A very simple camera pan slide dolly setup for puppet stage

When you need to do a pan move across your set, here is an easy and cheap way to do it using very few parts. You will need some scrap wood, a threaded rod (I used a one foot section of 8-32 threaded rod), a wingnut and washer to fit the rod and a locknut or regular nut to fit the threaded rod.

First thing you do is build a simple sled that your camera can sit on, and will slide across your set or desk or table. Place a lip on the front edge so it rides against the front edge of your set. You can also just lay another piece of scrap wood down, secure it in place any angle you wish and make the sled ride on the scrap wood. Either way you need a piece of wood that your camera can rest on and a lip to follow some edge.

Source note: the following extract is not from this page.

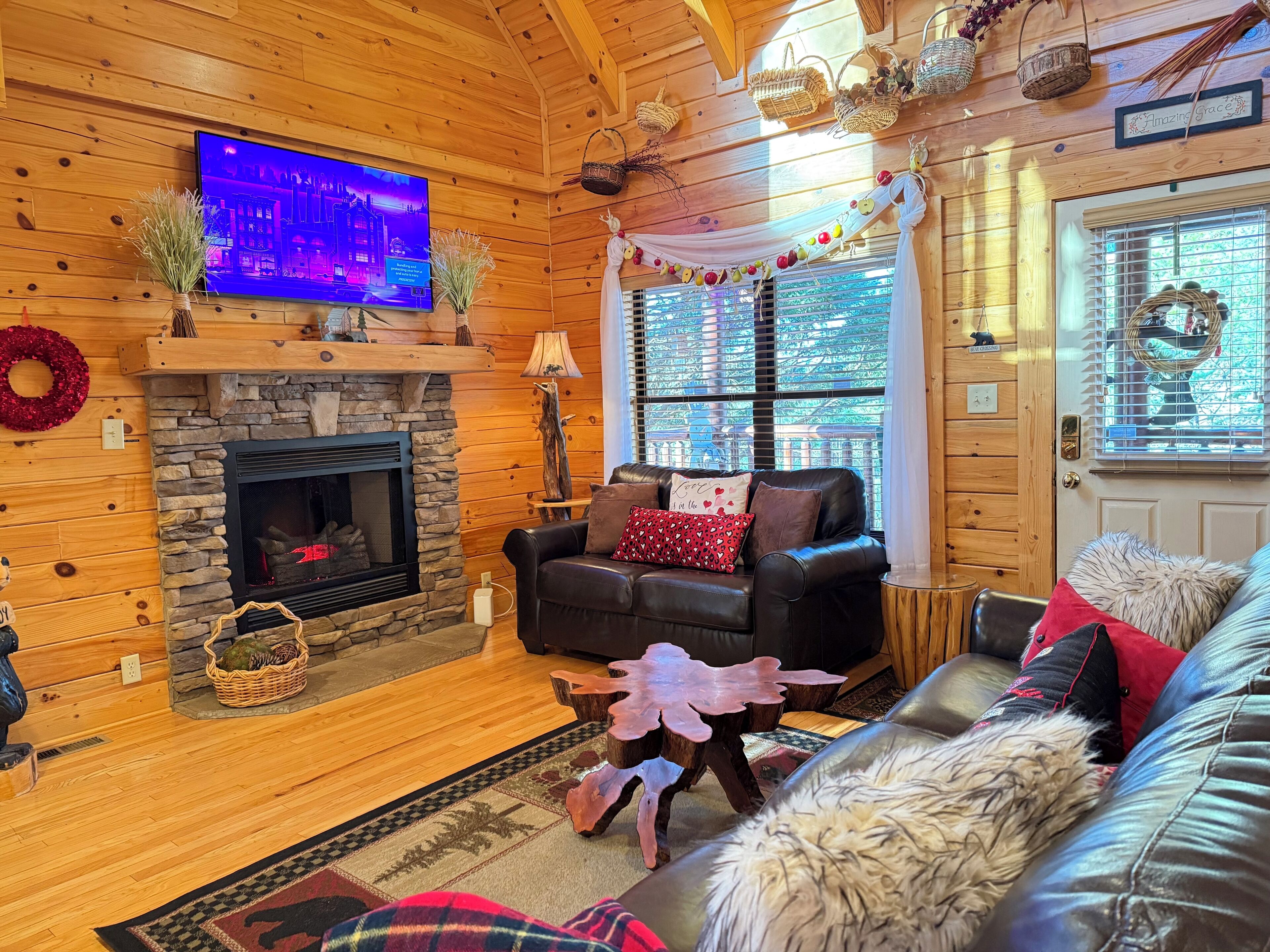 TV connectée, cheminée, lecteur de DVD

At this point you could easily just take a picture and slide the sled a little bit and take another photo and you will get a pan shot, but it is very difficult to get a really smooth movement without the threaded rod part.

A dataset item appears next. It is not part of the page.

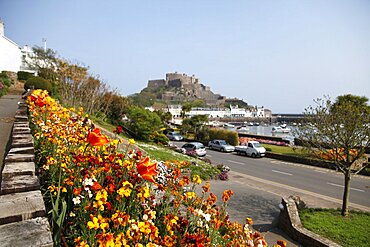 Orange and yellow flowers and Mont Orgueil Castle, Jersey, Channel Islands, United Kingdom, Europe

Above you can see the whole setup. The camera and tripod rest on the sled. Now for the threaded rod. Drill a hole in your sled large enough for the threaded rod to slide through. Insert one end and put a washer and a nut on it. This is free to turn in the hole you drilled in the sled.

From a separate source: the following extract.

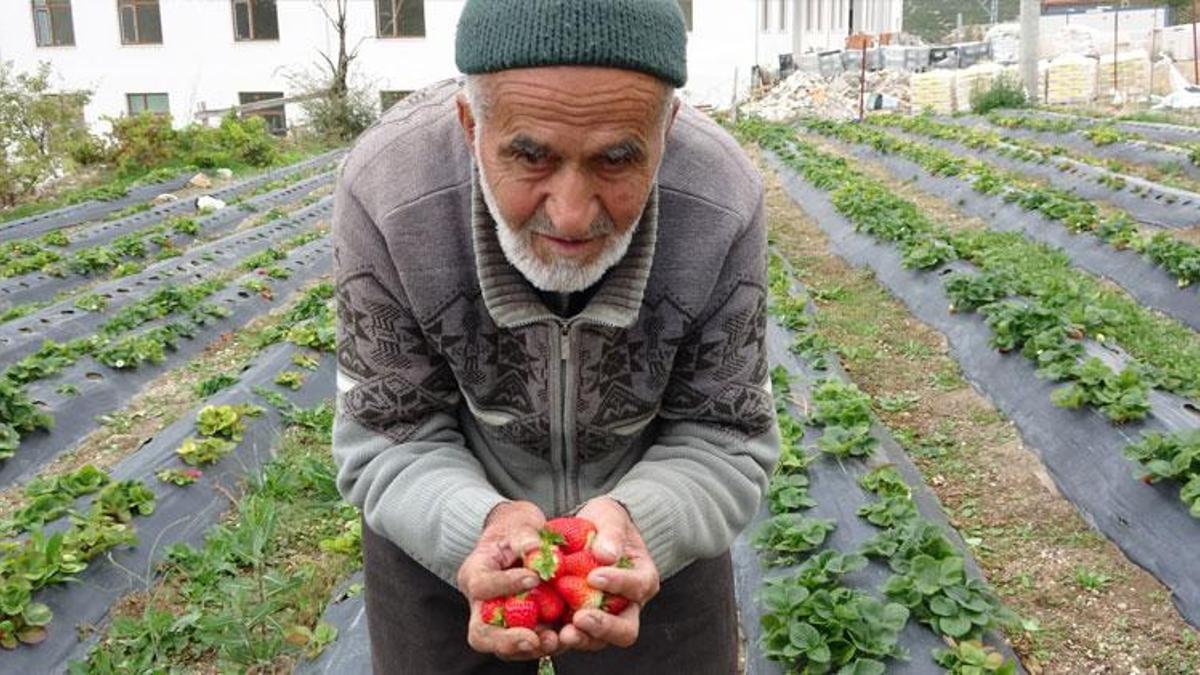 Türkiye onu 'Hayır Bahçesi' ile tanımıştı: Isparta'nın Sav beldesinde acı haber geldi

The other end of the threaded rod does all of the work. Take another scrap of wood and build something you can clamp or screw to the set. Drill another hole in this end for the threaded rod. Insert the rod and put a washer and a wingnut on it. Now when you turn the wingnut it pulls the rod and the sled towards this end.

This gives an incredible amount of control to your pan shots. You turn the wingnut a few turns, take a photo, then turn the wingnut again. With every turn of the wingnut the sled moves a tiny bit. If you also use the ease in/ease out principles you get a great pan shot. For instance on my shot I started with one turn of the wingnut for the first 4 shots, then two turns for 4 shots, then three turns, then four, then five. For the rest of the pan I stayed with five turns until the end and then I did the whole sequence in reverse.

My sled has a few extras on it that you can also add if you wish but are not necessary. The first thing is it is a box to give me enough room to slide my hand into. My tripod has a wire on it attached to a screw. I slid this screw down through the top of the sled box and put a wingnut on it. When I tighten the wingnut it pulls the wire tight and holds the tripod in place. If you don’t use a tripod on your sled you can just sit the camera on a flat board and glue some scraps around it so the camera doesn’t move around.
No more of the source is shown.